Куда мы направляемся, где побывали и где живем? И ах да, англичане живут в Италии. Тысячи, тысячи англичан живут в Италии. Да, им здесь прекрасно. Раньше было много немцев, но теперь немцы повержены. А англичане — что может быть лучше Италии для них сейчас: у них солнце, у них тепло, у них изобилие всего, у них очаровательный народ в услужении, и у них есть cambio! Ecco! Остальные коммивояжеры согласились. Они призвали Куин-би подтвердить, что так оно и есть. И в общем, с меня было достаточно.

«О да, — сказал я, — это так прекрасно — быть в Италии: особенно если вы живете не в отеле и вам приходится самим заниматься всеми делами. Как прекрасно, когда с вас каждый раз дерут втридорога, а потом еще и оскорбляют, стоит вам пирикнуть хоть слово. Как прекрасно, когда вам тычут в лицо cambio, едва вы скажете пару слов любому итальянцу, пусть даже абсолютному незнакомцу. Как прекрасно, когда официанты, лавочники и вокзальные носильщики злобно ухмыляются и непрерывно оскорбляют вас по мелочам, мелко и пакостно. Как прекрасно ощущать все то, что они испытывают по отношению к тебе. И если вы знаете итальянский достаточно хорошо, как прекрасно слушать то, что они говорят вам вслед. О, очень мило. Прекрасно просто!»

Полагаю, этот взрыв во мне спровоцировало виски. Они сидели в гробовой тишине. А затем наш выскочка затянул своим сладеньким, заискивающим голоском:

«Ну что вы! Ну что вы! Это неправда, синьор. Нет, это неправда. Ну, Англия — передовая нация в мире...»

«И вам хочется за это ей отплатить».

«Но нет же, синьор. Но нет же. Что заставляет вас так говорить? Ну, мы, итальянцы, такие добродушные. Noi Italiani siamo così buoni. Siamo così buoni».

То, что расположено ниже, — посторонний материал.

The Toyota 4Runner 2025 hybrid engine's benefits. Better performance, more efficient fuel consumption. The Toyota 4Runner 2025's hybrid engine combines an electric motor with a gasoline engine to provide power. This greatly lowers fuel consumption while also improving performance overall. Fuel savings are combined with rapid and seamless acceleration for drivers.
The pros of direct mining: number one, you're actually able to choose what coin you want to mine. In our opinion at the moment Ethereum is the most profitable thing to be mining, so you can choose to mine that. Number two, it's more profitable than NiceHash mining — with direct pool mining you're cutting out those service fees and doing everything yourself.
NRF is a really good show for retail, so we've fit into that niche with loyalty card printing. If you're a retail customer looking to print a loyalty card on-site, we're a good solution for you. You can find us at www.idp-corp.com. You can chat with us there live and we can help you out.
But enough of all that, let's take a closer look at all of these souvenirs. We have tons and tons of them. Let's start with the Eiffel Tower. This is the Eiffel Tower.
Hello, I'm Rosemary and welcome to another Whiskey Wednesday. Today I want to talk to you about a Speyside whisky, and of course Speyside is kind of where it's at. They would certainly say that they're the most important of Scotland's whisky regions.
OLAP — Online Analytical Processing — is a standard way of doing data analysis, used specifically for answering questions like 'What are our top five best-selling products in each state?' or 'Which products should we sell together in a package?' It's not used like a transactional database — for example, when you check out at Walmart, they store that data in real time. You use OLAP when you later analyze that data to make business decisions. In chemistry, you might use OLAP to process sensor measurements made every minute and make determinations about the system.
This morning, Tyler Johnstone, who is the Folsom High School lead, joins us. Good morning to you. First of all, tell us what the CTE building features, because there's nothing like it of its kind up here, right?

Это были те же самые слова школьной учительницы.

«Buoni, — произнес я. — Да — пожалуй. Buoni, пока речь не заходит об обменном курсе и деньгах. Но поскольку сейчас речь всегда идет только о cambio и soldi, человека неизменно в чем-нибудь да ущемляют, пусть даже по мелочи».

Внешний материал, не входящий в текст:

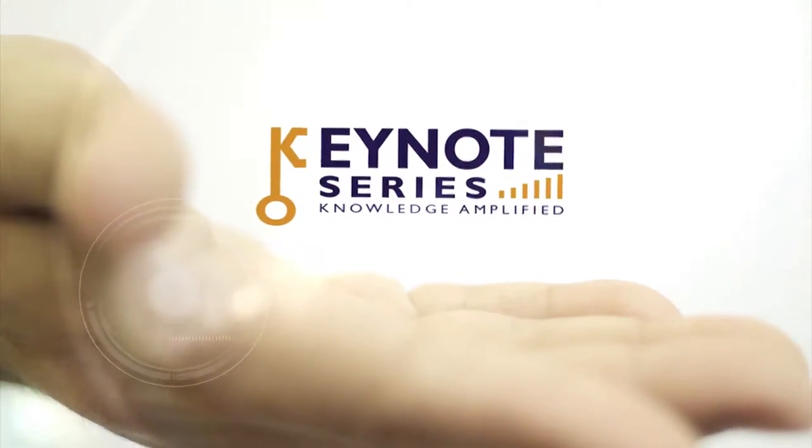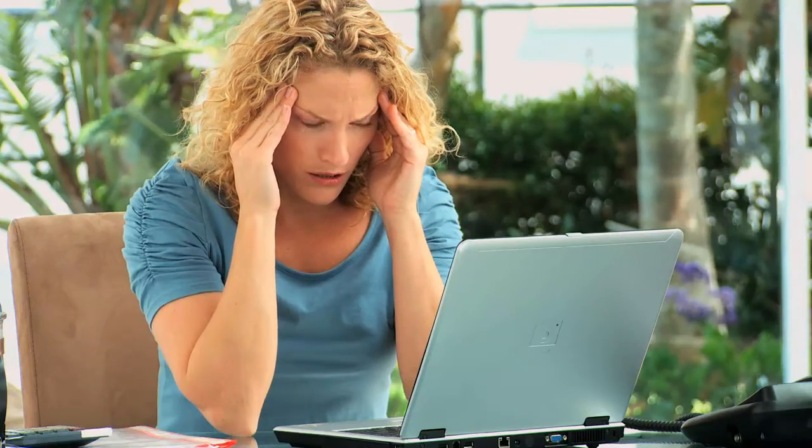Introducing the Keynote Development Series of online training. Now I know what you're thinking — this is just another one of those online courses that's nothing but a bunch of text that you have to wade through with a test at the end. Boring, right?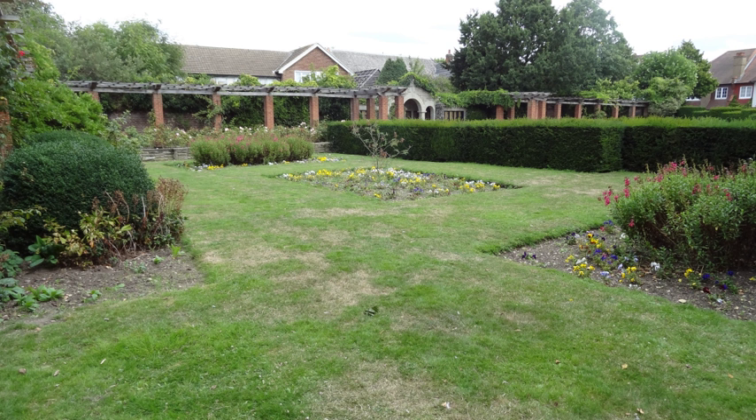Broomfield Park is a 21-hectare public park in Palmers Green in the London Borough of Enfield. It is a site of local importance for nature conservation and is registered by English Heritage in the Register of Historic Parks and Gardens for its special historic interest.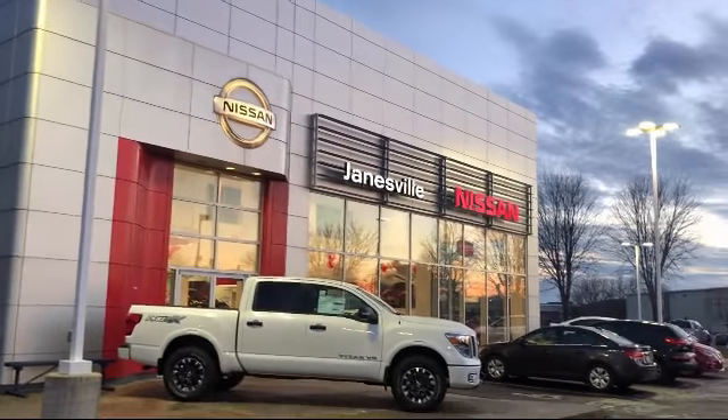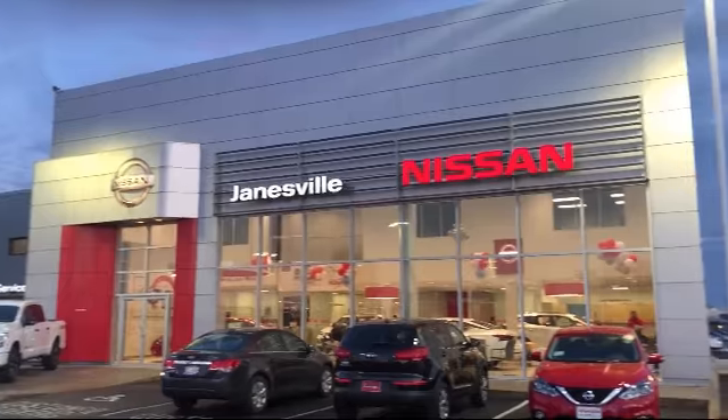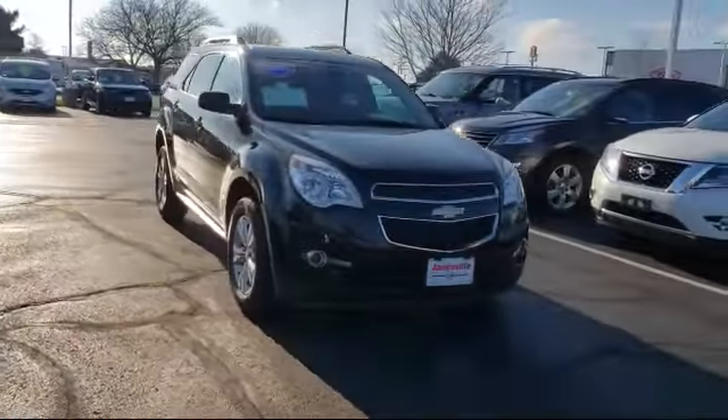Welcome to Janesville Nissan, your premier destination for purchasing a vehicle. Here's a look at another one of our great vehicles in inventory.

Должно быть, все дело было в виски. Во всяком случае, итальянцы никогда не выносят суровой горечи. Ювелиры выглядели огорченными, выскочки потупились, напоминая пойманных с поличным воришек — чуть ликующих и чуть смущенных. Третий из коммивояжеров, тот самый тихий, округлил глаза в ужасе от того, что его сейчас стошнит. Он представлял определенный сорт итальянского ликера и скромно предложил нам опрокинуть по рюмочке. Он отправился с официантом раздобыть нужную марку. Мы выпили — и ликер оказался хорош. Но он сам, даритель, сидел с огромными, испуганными глазами. Затем он заявил, что идет спать. Наш выскочка принялся давать ему всяческие советы насчет морской болезни. На море было легкое волнение. Так что любитель ликера удалился.

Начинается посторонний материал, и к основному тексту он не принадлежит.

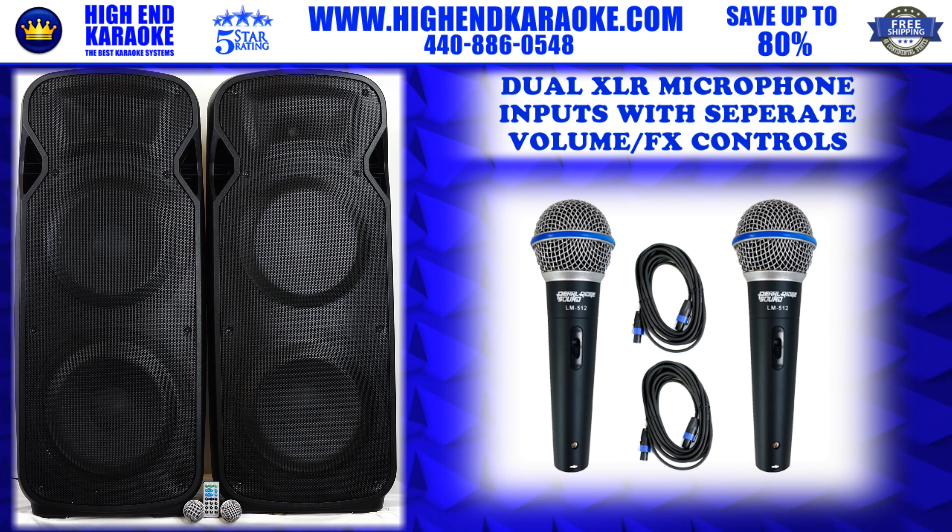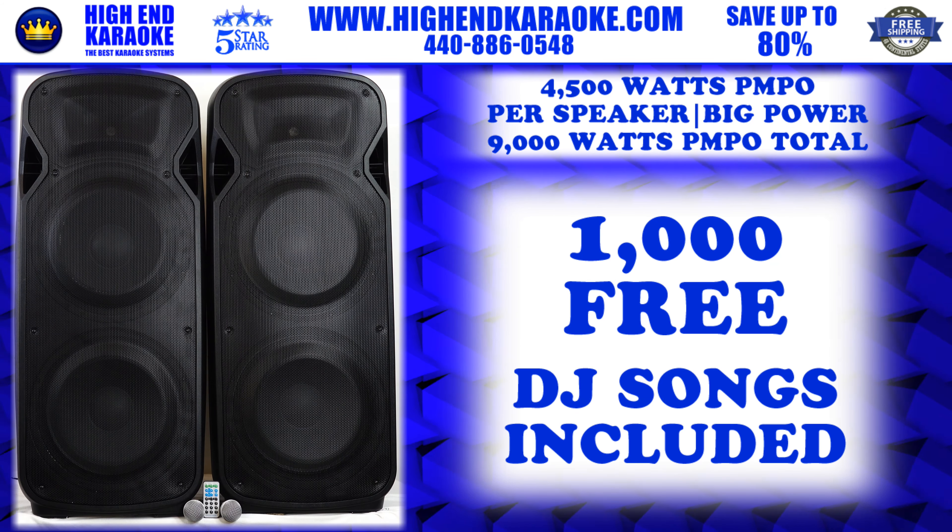This sound system also has dual XLR inputs for microphone inputs. We're giving you two Pearl Ridge sound microphones. This system has everything complete.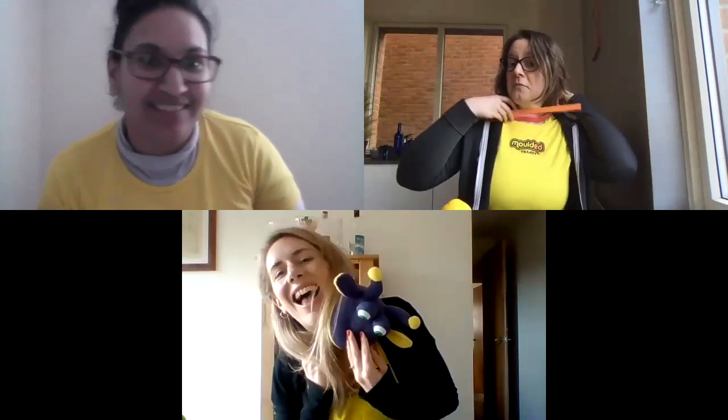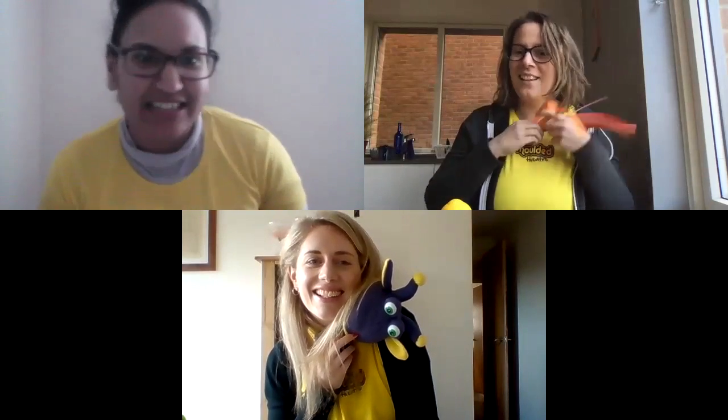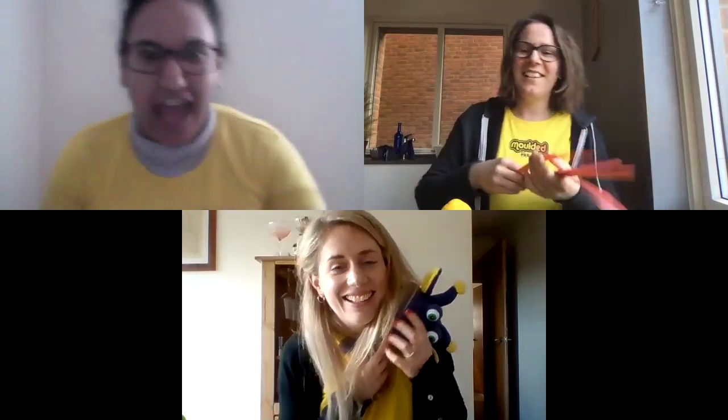We're going to try and find a scarf — three, two, one! Oh, okay! I like Emily's very sophisticated scarf and Natalie's more fun scarf — very good! Do you want to have a go?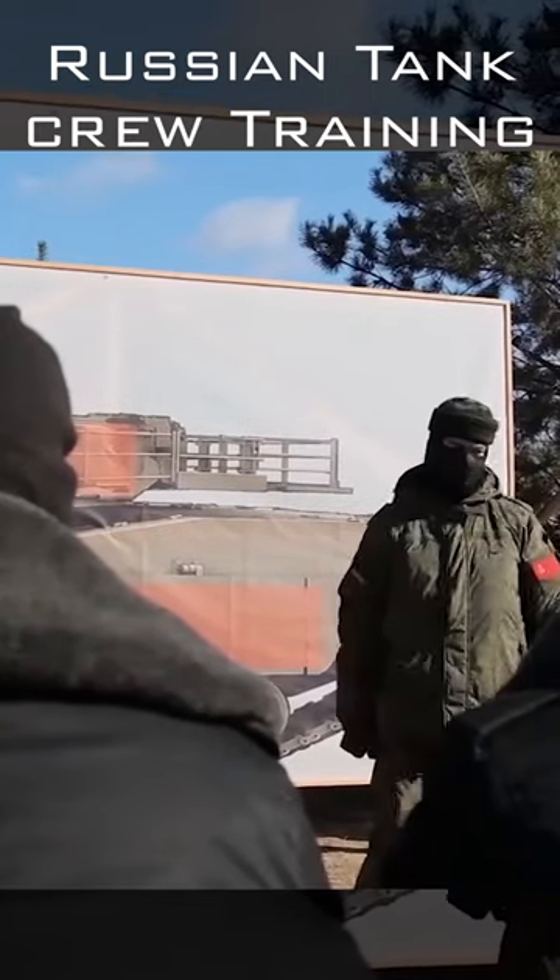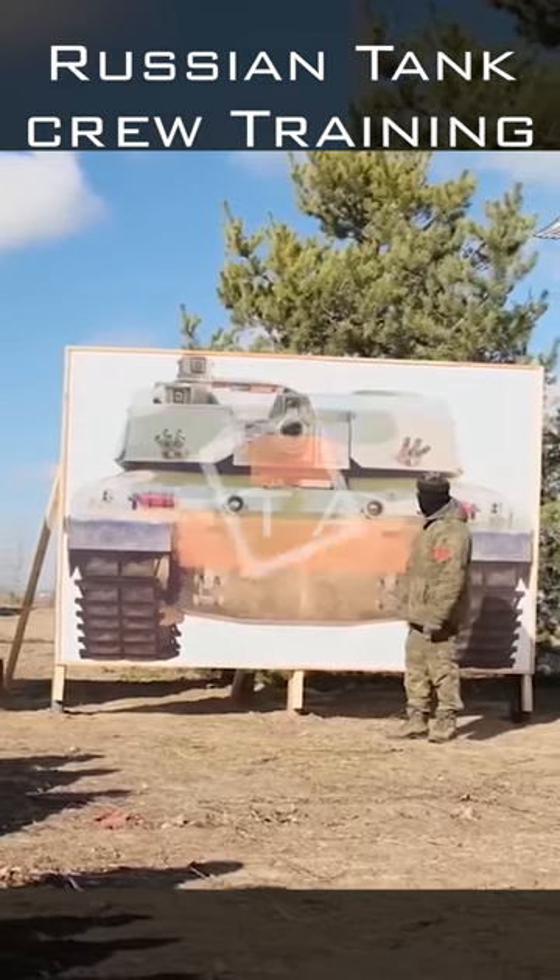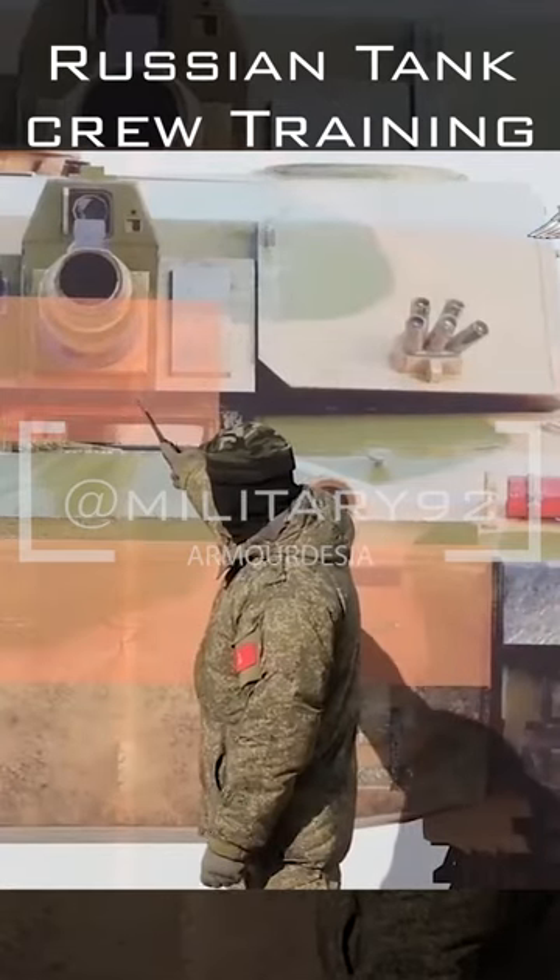With the arrival of NATO tanks in Ukraine, Russia is training its tank crews to face the latest Ukrainian armor. NATO has supplied Ukraine with Leopard 2, Challenger, and Stridsvagn MBTs.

Наш выскочка забарабанил пальцами по столу, что-то замурлыкал и спросил Куин-би, знает ли она «Кавалера роз». Он всегда обращался к ней. Она ответила, что знает. О, он страстно любит музыку, заявил он. Затем он фальцетом вывел еще пару нот. Он признает только классическую музыку, сказал он. И мяукнул кусочек из Мусоргского. Куин-би заметила, что Мусоргский — ее любимый оперный композитор. Ах, воскликнул выскочка, если бы только был рояль! — Рояль есть, — заметил его приятель. — Да, — ответил тот, — но он заперт. — Так давайте раздобудем ключ, — с апломбом предложил приятель. Официанты, будучи людьми с теми же чувствами, что и у наших двоих, достанут им все что угодно. Ключ тут же нашлся. Мы оплатили счета — мой составил около шестидесяти франков. Затем мы прошли по слегка покачивающемуся кораблю, поднялись по изогнутой лестнице в салон. Наш выскочка отпер дверь салона и щелкнул выключателем.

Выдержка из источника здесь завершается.